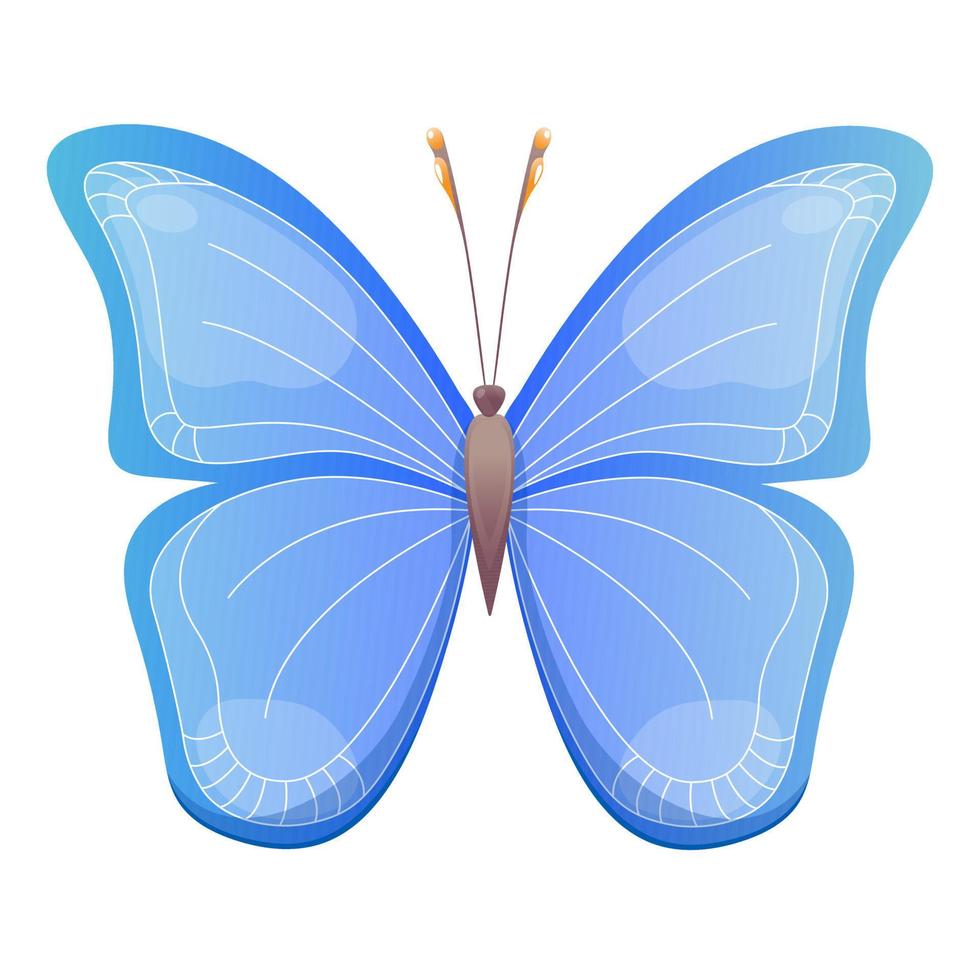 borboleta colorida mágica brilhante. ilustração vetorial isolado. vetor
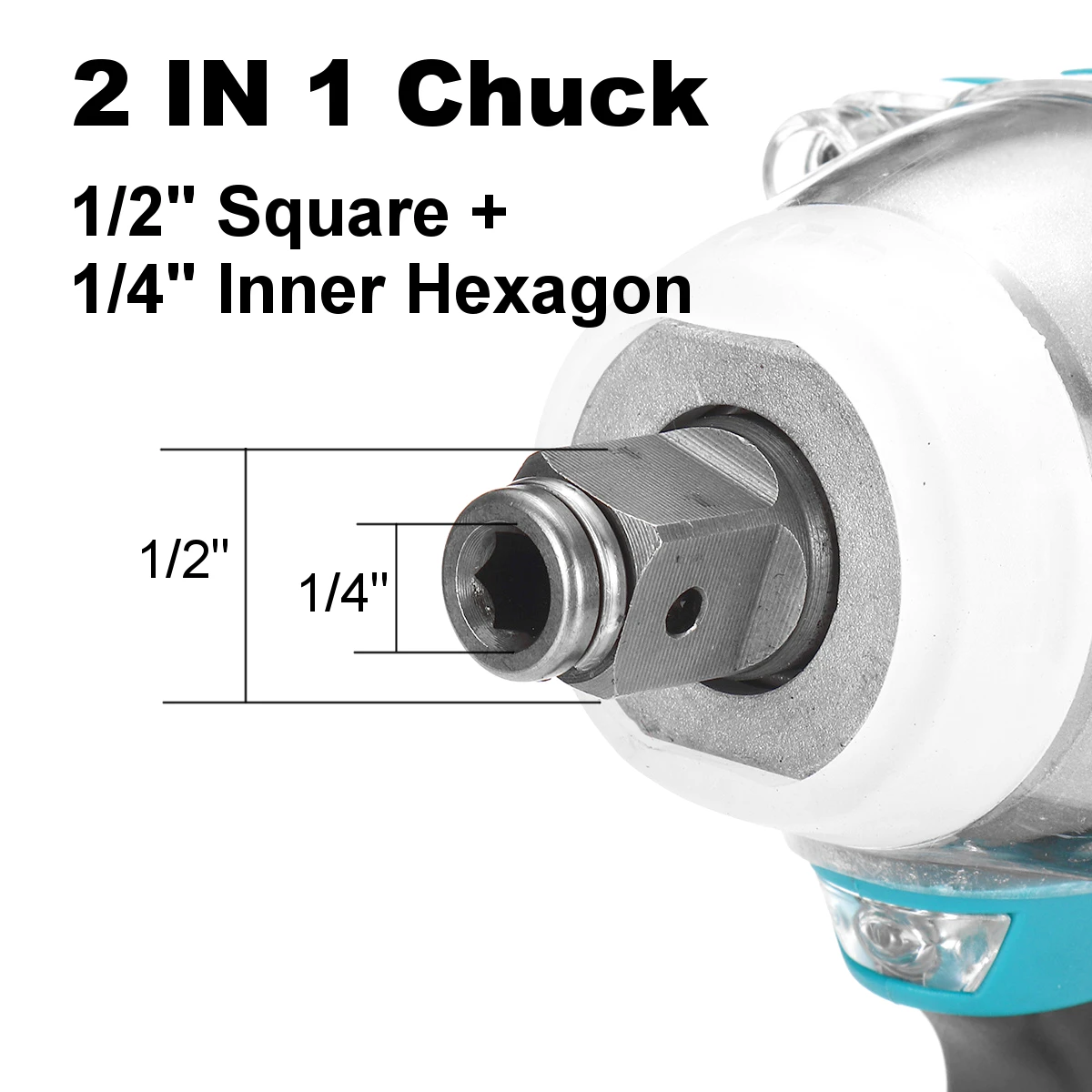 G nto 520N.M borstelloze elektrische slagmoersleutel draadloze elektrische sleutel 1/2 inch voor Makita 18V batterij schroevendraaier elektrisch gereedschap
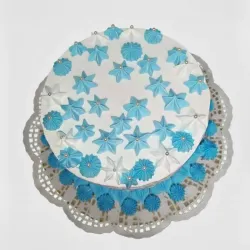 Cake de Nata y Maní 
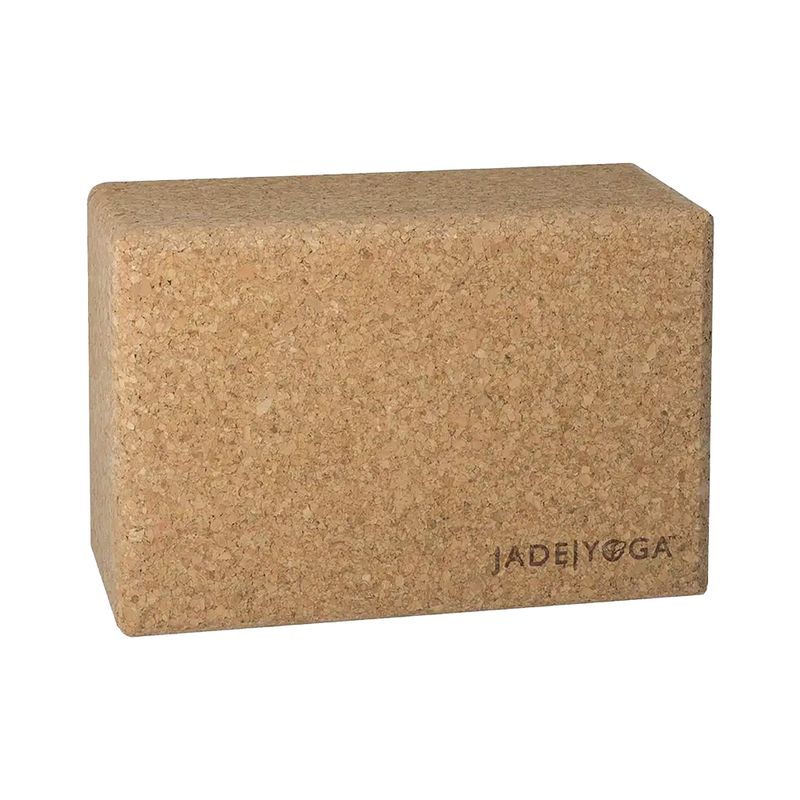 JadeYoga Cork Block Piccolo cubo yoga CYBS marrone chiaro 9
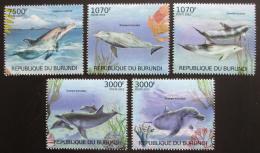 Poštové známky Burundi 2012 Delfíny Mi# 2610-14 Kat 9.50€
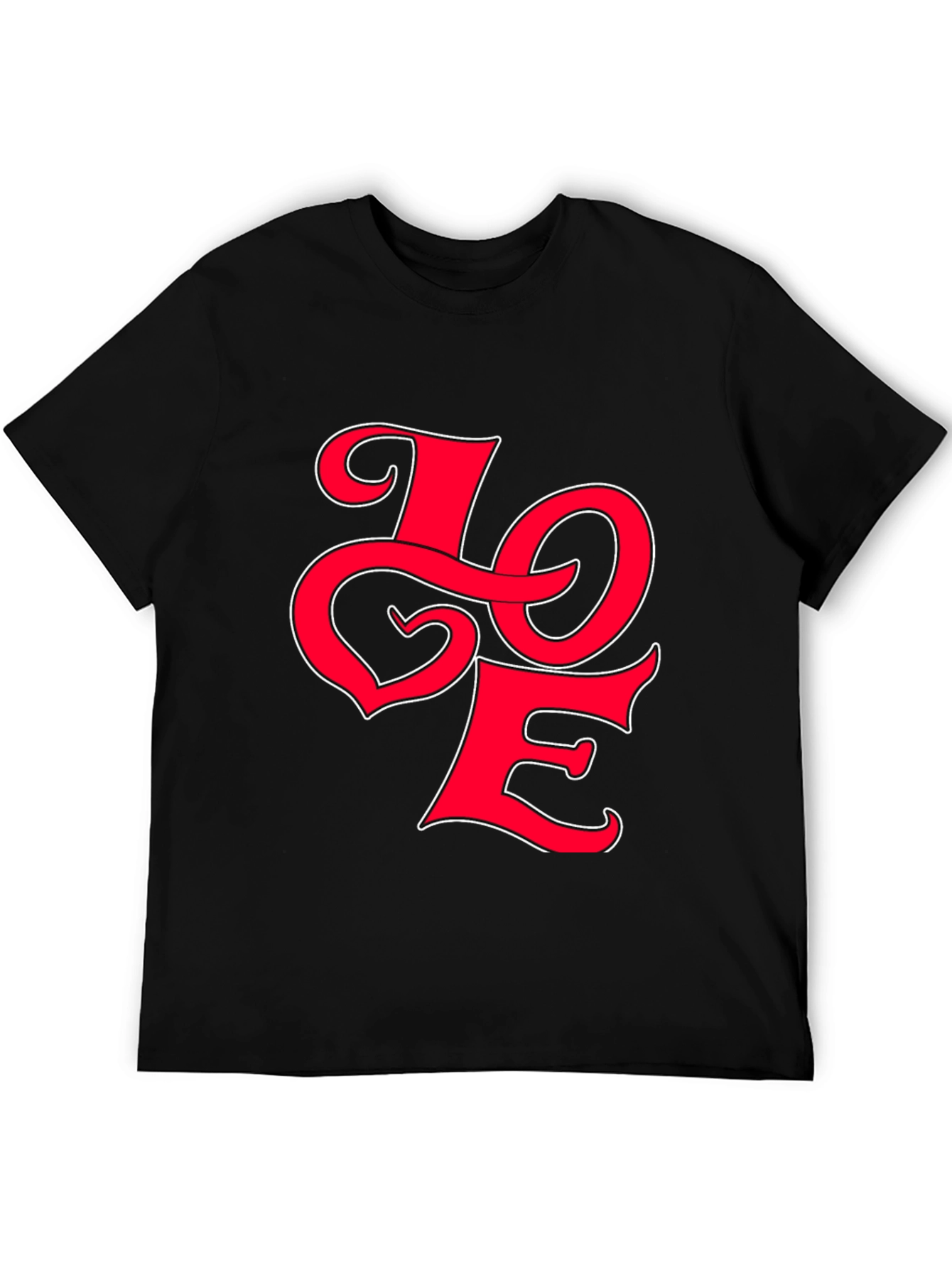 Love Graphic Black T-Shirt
★ ★ ★ ★
▶ **Action item**: With images left out, the data must be transcribed exactly.

▶ **The completed task**:
 borboleta colorida mágica brilhante. ilustração vetorial isolado. vetor
 G nto 520N.M borstelloze elektrische slagmoersleutel draadloze elektrische sleutel 1/2 inch voor Makita 18V batterij schroevendraaier elektrisch gereedschap
 Cake de Nata y Maní 
 JadeYoga Cork Block Piccolo cubo yoga CYBS marrone chiaro 9
 Poštové známky Burundi 2012 Delfíny Mi# 2610-14 Kat 9.50€
 Love Graphic Black T-Shirt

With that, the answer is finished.